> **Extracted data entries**

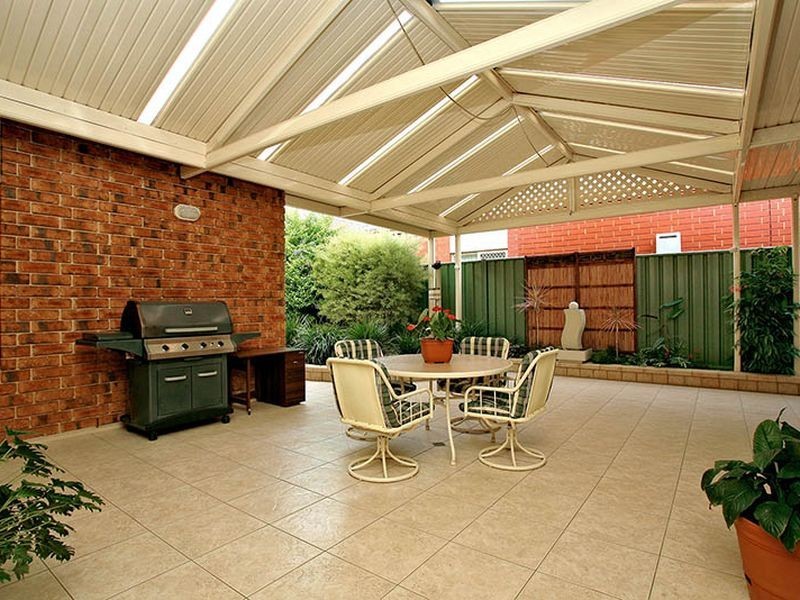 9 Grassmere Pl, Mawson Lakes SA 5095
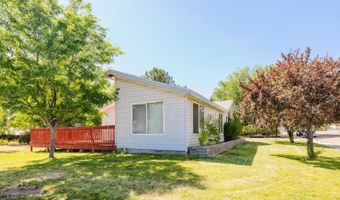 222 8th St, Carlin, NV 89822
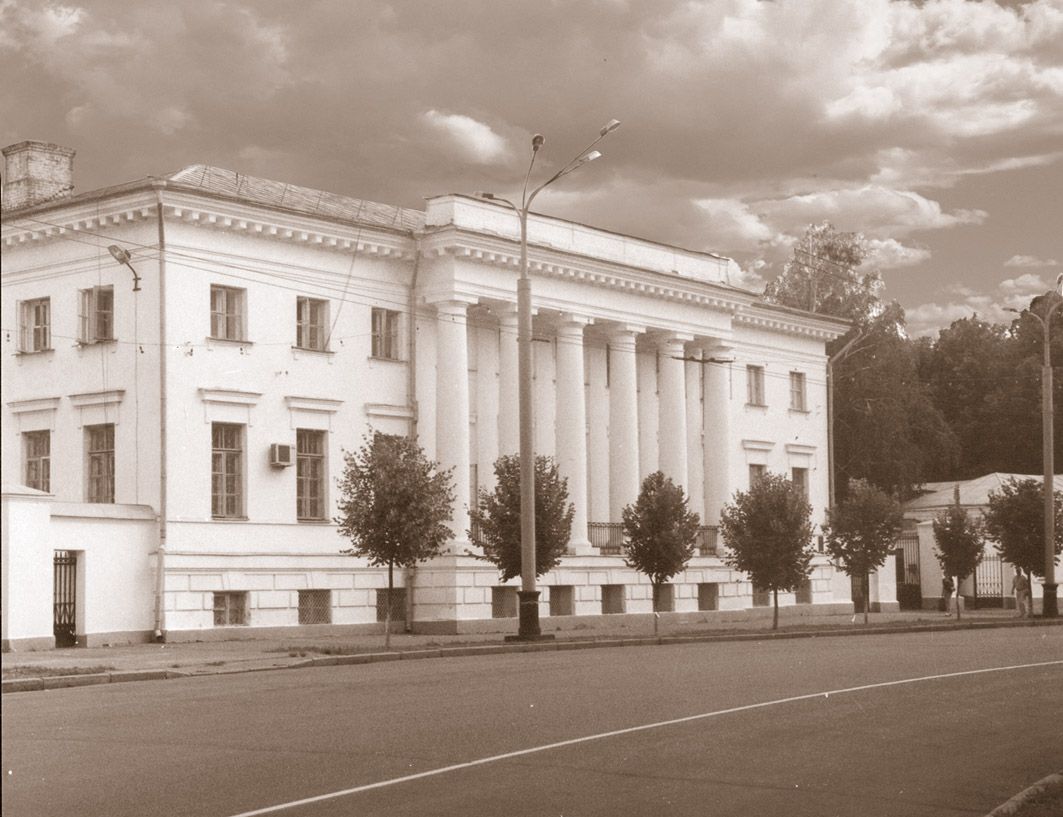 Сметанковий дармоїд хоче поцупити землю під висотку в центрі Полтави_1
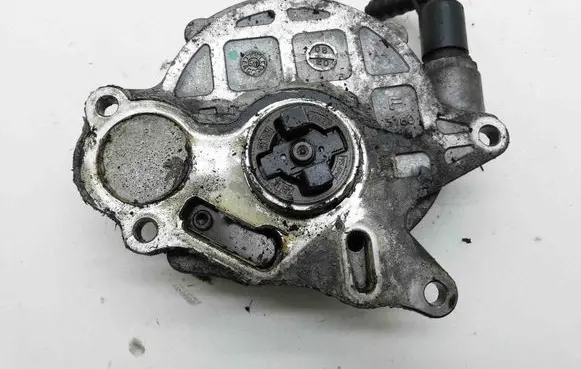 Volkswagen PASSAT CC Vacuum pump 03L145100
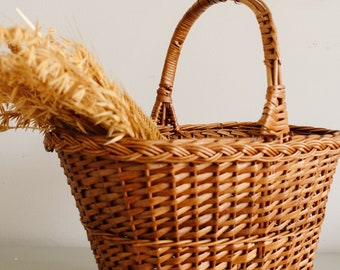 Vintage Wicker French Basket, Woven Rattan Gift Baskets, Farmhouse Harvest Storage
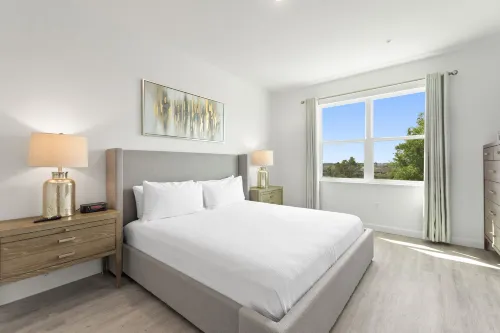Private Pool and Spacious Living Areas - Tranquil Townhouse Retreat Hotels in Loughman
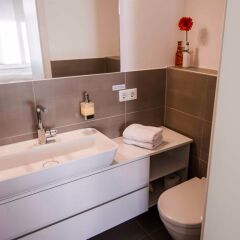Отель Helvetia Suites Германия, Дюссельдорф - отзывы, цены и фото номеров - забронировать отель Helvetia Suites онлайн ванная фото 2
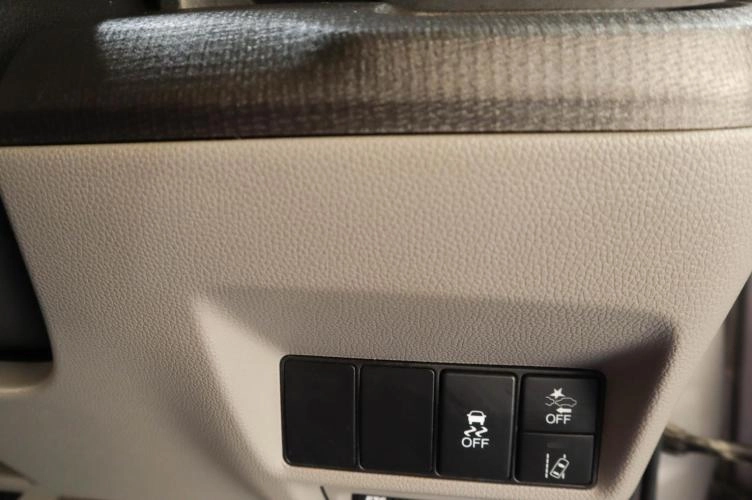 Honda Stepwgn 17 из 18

> **Work instructions**
An exact copy of the entries, without any pictures, is what the answer should be.

> **Solution to this task**
 9 Grassmere Pl, Mawson Lakes SA 5095
 222 8th St, Carlin, NV 89822
 Сметанковий дармоїд хоче поцупити землю під висотку в центрі Полтави_1
 Volkswagen PASSAT CC Vacuum pump 03L145100
 Vintage Wicker French Basket, Woven Rattan Gift Baskets, Farmhouse Harvest Storage
Private Pool and Spacious Living Areas - Tranquil Townhouse Retreat Hotels in Loughman
Отель Helvetia Suites Германия, Дюссельдорф - отзывы, цены и фото номеров - забронировать отель Helvetia Suites онлайн ванная фото 2
 Honda Stepwgn 17 из 18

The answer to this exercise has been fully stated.